Concepts determined to be abstract ideas, and thus patent ineligible, include certain methods of organizing human activity, such as fundamental economic practices (Alice, 573 U.S. at 219–20; Bilski, 561 U.S. at 611); mathematical formulas (Parker v. Flook, 437 U.S. 584, 594–95 (1978)); and mental processes (Gottschalk v. Benson, 409 U.S. 63, 67 (1972)). Concepts determined to be patent eligible include physical and chemical processes, such as “molding rubber products” (Diamond v. Diehr, 450 U.S. 175, 191 (1981)); “tanning, dyeing, making water-proof cloth, vulcanizing India rubber, smelting ores” (id. at 182 n.7 (quoting Corning v. Burden, 56 U.S. 252, 267–68 (1853))); and manufacturing flour (Benson, 409 U.S. at 69 (citing Cochrane v. Deener, 94 U.S. 780, 785 (1876))).
In Diehr, the claim at issue recited a mathematical formula, but the Court held that “a claim drawn to subject matter otherwise statutory does not become nonstatutory simply because it uses a mathematical formula.” Diehr, 450 U.S. at 187; see also id. at 191 (“We view respondents’ claims as nothing more than a process for molding rubber products and not as an attempt to patent a mathematical formula.”). Having said that, the Court also indicated that a claim “seeking patent protection for that formula in the abstract . . . is not accorded the protection of our patent laws, and this principle cannot be circumvented by attempting to limit the use of the formula to a particular technological environment.” Id. (citing Benson and Flook); see, e.g., id. at 187 (“It is now commonplace that an application of a law of nature or mathematical formula to a known structure or process may well be deserving of patent protection.”).
If the claim is “directed to” an abstract idea, Examiners turn to the second part of the Alice and Mayo framework, where “we must examine the elements of the claim to determine whether it contains an ‘inventive concept’ sufficient to ‘transform’ the claimed abstract idea into a patent-eligible application.” Alice, 573 U.S. at 221 (quotation marks omitted). “A claim that recites an abstract idea must include ‘additional features’ to ensure ‘that the [claim] is more than a drafting effort designed to monopolize the [abstract idea].’” Id. (alterations in original) (quoting Mayo, 566 U.S. at 77). “[M]erely requir[ing] generic computer implementation[] fail[s] to transform that abstract idea into a patent-eligible invention.” Id.
In January 2019, the U.S. Patent and Trademark Office (“USPTO”) published revised guidance on the application of § 101 and further updated this guidance in October 2019. This guidance is now found in the Ninth Edition, Revision 10.2019 (revised June 2020) of the Manual of Patent Examination Procedure (MPEP), and particularly Sections 2103 through 2106.07(c).

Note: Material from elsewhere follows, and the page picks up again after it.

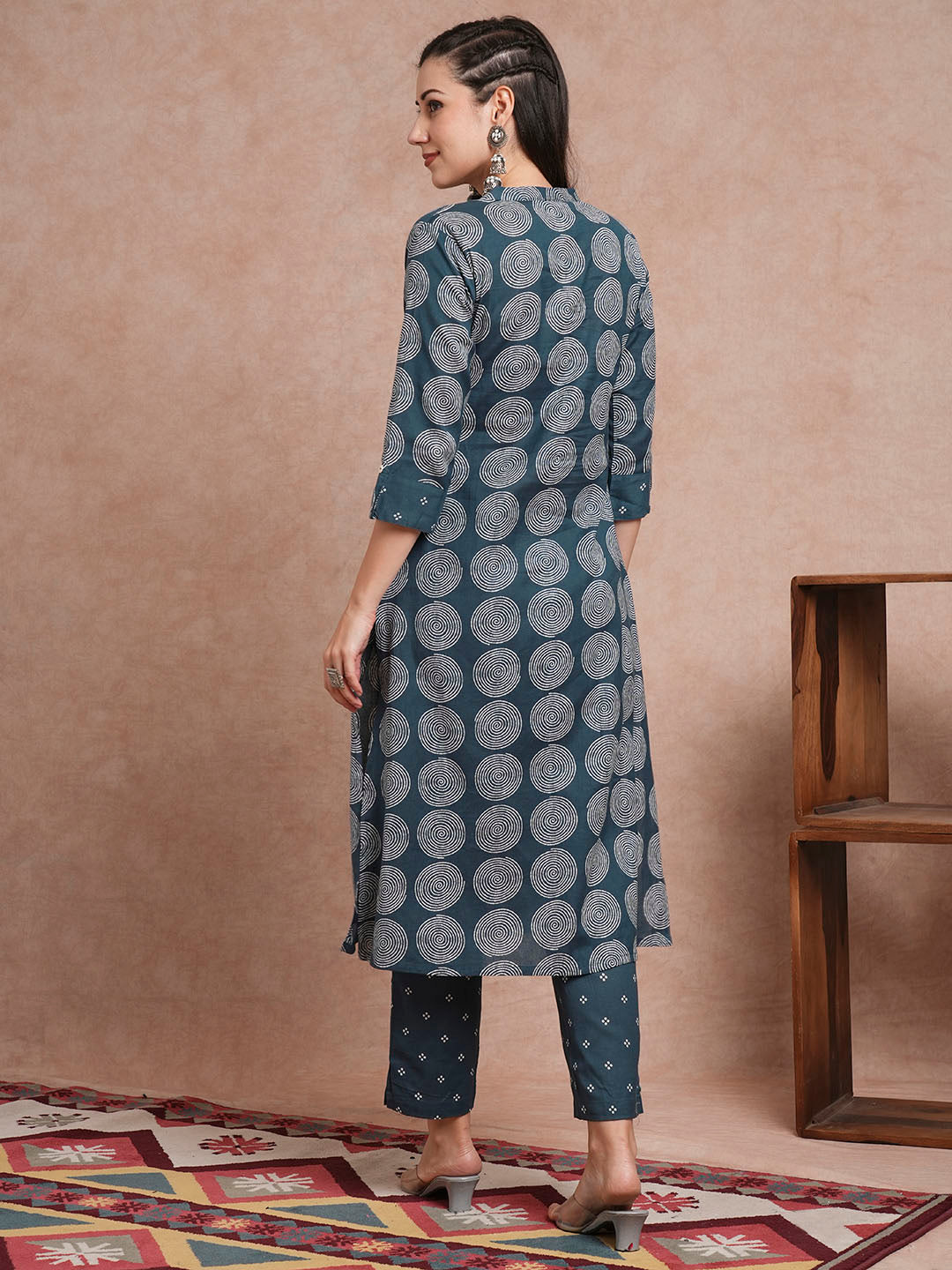 Abstract Floral Printed A-Line Kurta with Pant - Teal Blue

See MPEP §§ 2103–2106.07(c) (9th ed., Rev. 10.2019, June 2020).
Under the 2019 Revised Guidance and the October 2019 Update, Examiners first look to whether the claim recites:
(1) any judicial exceptions, including certain groupings of abstract ideas (i.e., mathematical concepts, certain methods of organizing human activity such as a fundamental economic practice, or mental processes) (“Step 2A, Prong One”); and
(2) additional elements that integrate the judicial exception into a practical application (see MPEP § 2106.05(a)–(c), (e)–(h) (9th ed. 2018)) (“Step 2A, Prong Two”). 2019 Revised Guidance, 84 Fed. Reg. at 52–55. Only if a claim (1) recites a judicial exception and (2) does not integrate that exception into a practical application, do Examiners then look, under Step 2B, to whether the claim:
(3) adds a specific limitation beyond the judicial exception that is not “well-understood, routine, [and] conventional” in the field (see MPEP § 2106.05(d)); or
(4) simply appends well-understood, routine, conventional activities previously known to the industry, specified at a high level of generality, to the judicial exception.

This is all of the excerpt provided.